The Ballad of Blake Bortles has finally come to a close. Well, until Cody Kessler gets a concussion and the Great Bork gets his job back thanks to the Jags bringing literally no one else in this offseason. Even the Bills picked up AJ McCarron to compete with Josh Allen and Nathan Peterman, but theirs was always a lost season with a look toward the future.
While we could talk about how re-signing Bortles and not finding more OL was the reason the Jags 2018 season is in free fall, I want to pour one out for The Good Place, which will now have to work much harder to be funny.
Although, maybe the show should focus more on itself and less on football:
Fun fact: Since the judge on The Good Place declared "The Jacksonville Jaguars are good now," the Jags have gone 0-7.
— Andrew Gruttadaro (@andrewgrutt) November 26, 2018
Hey, the Browns are doing better without Hue! And without Todd Haley. OC Kitchens has reportedly simplified and tailored things for Baker Mayfield. The results of the incredibly small sample are fairly positive:
Since Hue Jackson was fired (after Week 8), Baker Mayfield's passer rating is 129.5. Only Drew Brees (142.1) has been better in this span.
— Graham Barfield (@GrahamBarfield) November 26, 2018
Not only that, but when a coach is fired and then quickly hired by a division rival you'd think that coach would help the new team. Unfortunately for the Bengals they brought in a guy who was so out of touch with the team he used to run that the Bengals got absolutely smashed by the Browns. Supposedly the Browns didn't even bother changing their audibles and signs. Not that Hue would've known them.
But the Bengals are the Bungles and will continue bungling as, believe it or not, Hue Jackson is being considered for the Head Coaching job in Cincy after Marvin Lewis is gone. I'll be honest, this sounds like horsesh*t to me, planted by Hue Jackson and his media friends. Dude knows that a few leaks will get him a lot of good press and he's cashing in on some of those favors.

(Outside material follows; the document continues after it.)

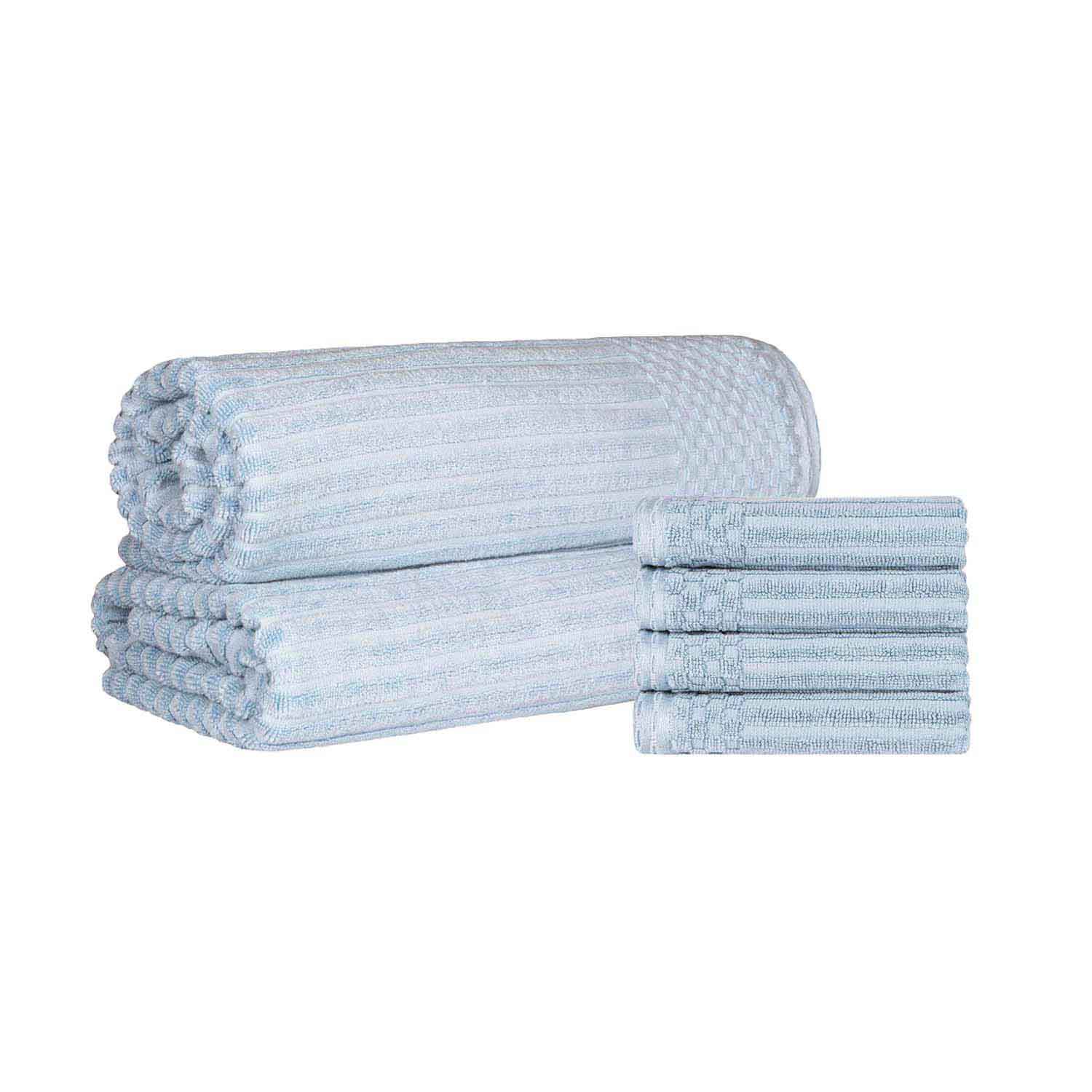Soho Cotton Ribbed Textured Absorbent Hand Towel and Bath Sheet Set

Drew Brees is continuing on his MVP path while having a down week with only 68% of his passes being completed for a measly 171 yards. Although he did manage to throw five TDs on only 22 passes, so he's clearly doing something right. His seasonal completion percentage has dropped a bit down to 76%, which is only 4% higher than the record he set last year. What a loser! To go with that drop, Michael Thomas' catch rate has dropped to a paltry 89%. I hear he's likely on the verge of being cut for his lack of effort.
Seriously, these numbers don't make any sense to me. The offensive explosion this year has exploded in ways I never thought possible. I mean even Josh Allen is avoiding the Bortles label with his play! Oh, wait, no, he's absolutely in line to be the next Bortles: Low completion percentage, lack of thrown TDs, high INT rate and lots and lots of sacks. At least the Jags didn't trade up for Blakey.
News flash! Amari Cooper is still a great route runner. I'm sure he enjoyed himself a big ol turkey sandwhich after feasting on Josh Norman and the other Washington corners. The key? He's being targeted more often. Shocker! I found this play to be especially tasty myself.
The Pats got back Gronk and RB Sony Michel to form the team we all hate who will now make it to the Super Bowl for the 738th time in a row. *yawn*
I feel bad for soon-to-be-ROTY Saquon Barkley that he continues to be brilliant but it's all for naught. It's nice to see the Eagles generate pass rush again, but sadly that won't be replicated again because the only player more statue-like than Manning is Brady and I have a feeling they won't be meeting Brady again this year.
There are currently three impressive winning streaks with the Colts at five in a row, the Texans at an astounding eight games in a row and the Saints in possible "peaking too early" status of 10 games in row. The only notable losing streak is the Jags at seven Bortles in a row.
The Seahawks beat the Titans to quietly have a winning record and shot at a Wild Card slot. Who saw that coming this year?
Mullensanity came back to earth. Am I the only one who reads his name as "Mullet" every time you see it? Mulletsanity would be more exciting than the offense the Niners currently have.
Leonard Fournette is a moron and won't be playing this week. Not that it matters since I traded him away in fantasy football and the Jags are wholly out of contention, but perhaps he's making a business decision and decided breaking his hand would be a good way to end his season and save his knees further punishment?
The Chargers lost Melvin Gordon for a few weeks (and not IR, thankfully) but have Joey Bosa back so they're ready to roll. The Chargers are now my dark horse for the Super Bowl because they're the most road tested team having played 11 straight games away from home.
Without Albert Wilson the Dolphins continue to be the world's most boring team. Is anyone interesting on the team? f*ck, I'm starting to think they need to fire Adam Gase and hire Jeff Fisher just to be more interesting.
Someone explain to me how the Broncos beat the Steelers?!?! The Broncos gave up over 500 yards on D and still won. I know, I know, turnovers, but in a game where your kicker throws a touchdown to your LT you are supposed to win! It's in the rules!
Okay, enough from me, hope you all had a good Thanksgiving. Real football begins now.